Digital marketing may have a low barrier to entry making it easy and inexpensive to reach out to target companies/contacts and, albeit with some risk, to create brand awareness (if not executed deftly, spam does anything but create a positive brand image). But these advantages come at a price.
For one, if you are either using Linkedin or emailing regularly, you run a high risk of the contact ‘opting out’ of future communication. Once they have done this, you have lost a target forever under the GDPR regulations, before you have even had any engagement with them. This should give digital marketers food for thought, although all too often it doesn’t.
This, in a way, is surprising. It’s always been axiomatic in marketing that the key component of success is building the right list of prospects. Crudely, a great campaign sent to a weak database will fail. A less-than-polished campaign sent to the right target list is far more likely to succeed. If you can achieve both, you’ve cracked it.
This is where telemarketing comes in. Telemarketing allows companies to approach their target job profiles to discuss a solution, identify interest, allow us to qualify and only then gain the agreement for further information to be emailed. The italicised words are important; collectively, they imply interaction. An unrequested marketing e-mail is spam. An e-mail following up a conversation is information. Not only are mailing a pre-qualified prospect but in the process, you’re also protecting your investment in your database.

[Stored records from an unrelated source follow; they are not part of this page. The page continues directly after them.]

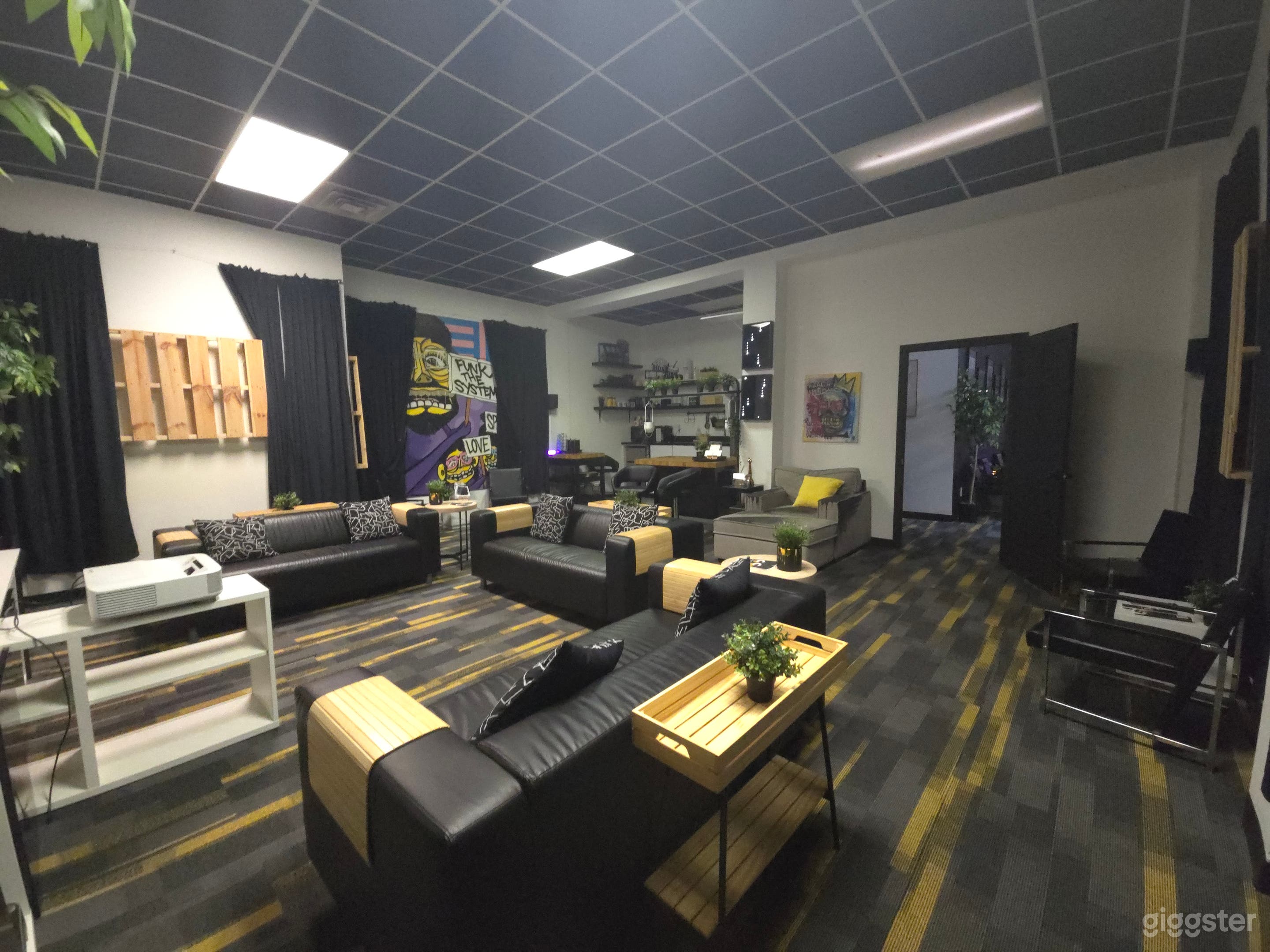 Screening Room w/ Kitchenette | Creative Studios + Shop Photo 3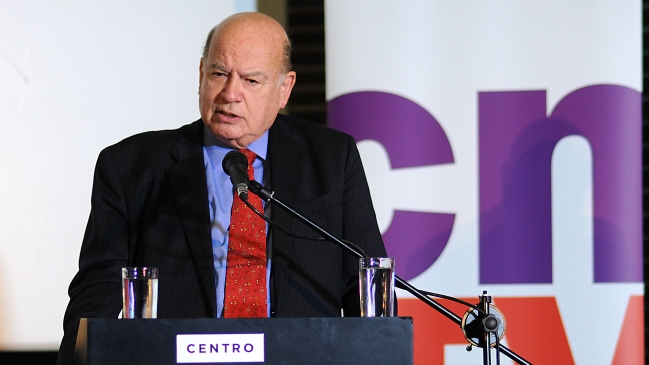 José Miguel Insulza: La concentración de medios es un riesgo grave para la democracia
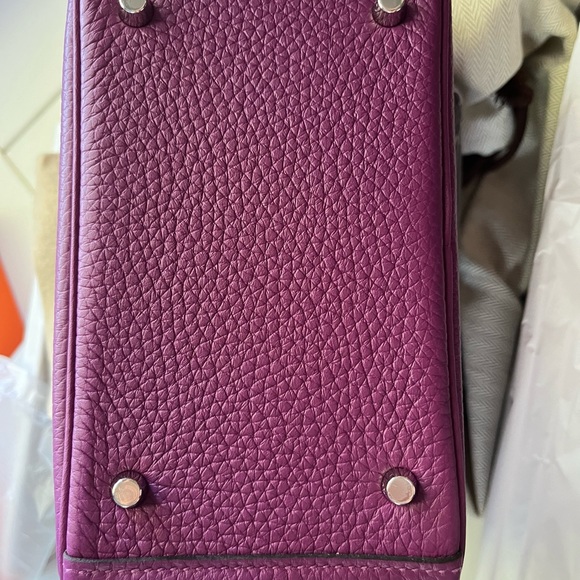 **Hard to find** timeless Hermes mini lindy in Anemone Clemence leather - Picture 6 of 7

There’s more to gain than just that. Telemarketing also makes it easier to discover who else in a target organisation would be appropriate contacts for your solution, hence allowing you to not only maintain but also expand your database with additional qualified prospects. And because there is at least minimal engagement with that contact, they are far less likely to unsubscribe to subsequent approaches meaning that as an organisation, you can contact them in the future. Better traction into an account and better qualified qualification are critical components of marketing success.
Since the introduction of GDPR, within the first year of eCS contacting, by phone, thousands of contacts for different clients and campaigns, we have had only 2 contacts asking us to unsubscribe from being further contacted by our client. This is extraordinarily low compared to returns from digital marketing.
All of this is not to compare digital marketing to telemarketing but it is to suggest that a failure to spread marketing investment across multiple sources or to believe that digital-only marketing is a low-cost panacea are wrong. Most marketing jigsaw puzzles are incomplete without both digital and telemarketing components.